2. The method of claim 1, wherein the assigning GPU instances to respective service groups comprises:

for each of the at least one service group, determining a service group priority for the service group based on service priorities of services included in the service group;

and distributing the GPU instances to the service groups according to the order of the service group priorities from high to low.

3. The method of claim 1, wherein the assigning GPU instances to the service groups comprises:

responding to the GPU instance number required by the target service group being greater than the GPU instance number corresponding to the residual GPU resources, converting the GPU instance number corresponding to the residual GPU resources into a plurality of sub-GPU instances of the GPU instance number required by the target service group;

and distributing the plurality of sub GPU instances of the GPU instances needed by the target service set to the target service set.

4. The method of claim 1, wherein the number of GPU models to which the GPU instance corresponds is at least one.
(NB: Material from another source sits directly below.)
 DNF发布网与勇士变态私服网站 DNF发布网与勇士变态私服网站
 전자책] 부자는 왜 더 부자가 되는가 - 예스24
5. A GPU instance allocation device, comprising:

an acquisition unit configured to acquire service information of a service requiring graphics processor GPU operation for each service in a set of services;

a first determining unit configured to determine GPU computing power required for each service based on service information of the service; wherein the service information includes service meta information and service state information, the service meta information includes policy information to which the service is bound, and the policy information to which the service is bound is one of: single policy information, combined policy information; wherein the combination policy information includes: upper bound policy information, middle bound policy information, and lower bound policy information; and specifically configured to: using the service to perform pressure measurement on a plurality of hardware to obtain a pressure measurement result of the service; determining GPU computing power corresponding to the upper limit policy information, the middle limit policy information and the lower limit policy information respectively based on the pressure measurement result, the upper limit policy information, the middle limit policy information and the lower limit policy information; determining the GPU computing power required by the service based on the GPU computing power corresponding to the upper bound policy, the GPU computing power corresponding to the middle bound policy and the GPU computing power corresponding to the lower bound policy;

a generation unit configured to group the service sets based on a service priority of each service, generating at least one service group;

a second determining unit configured to determine the number of GPU instances required for each service group based on the determined GPU computing power;

and the distribution unit is configured to distribute the GPU instances to the service groups based on the GPU resources and the number of the GPU instances required by each service group.

6. An electronic device, comprising:

one or more processors;

a storage means for storing one or more programs;

the one or more programs, when executed by the one or more processors, cause the one or more processors to implement the method of any of claims 1-4.

7. A computer readable medium having stored thereon a computer program, wherein the program when executed by a processor implements the method of any of claims 1-4.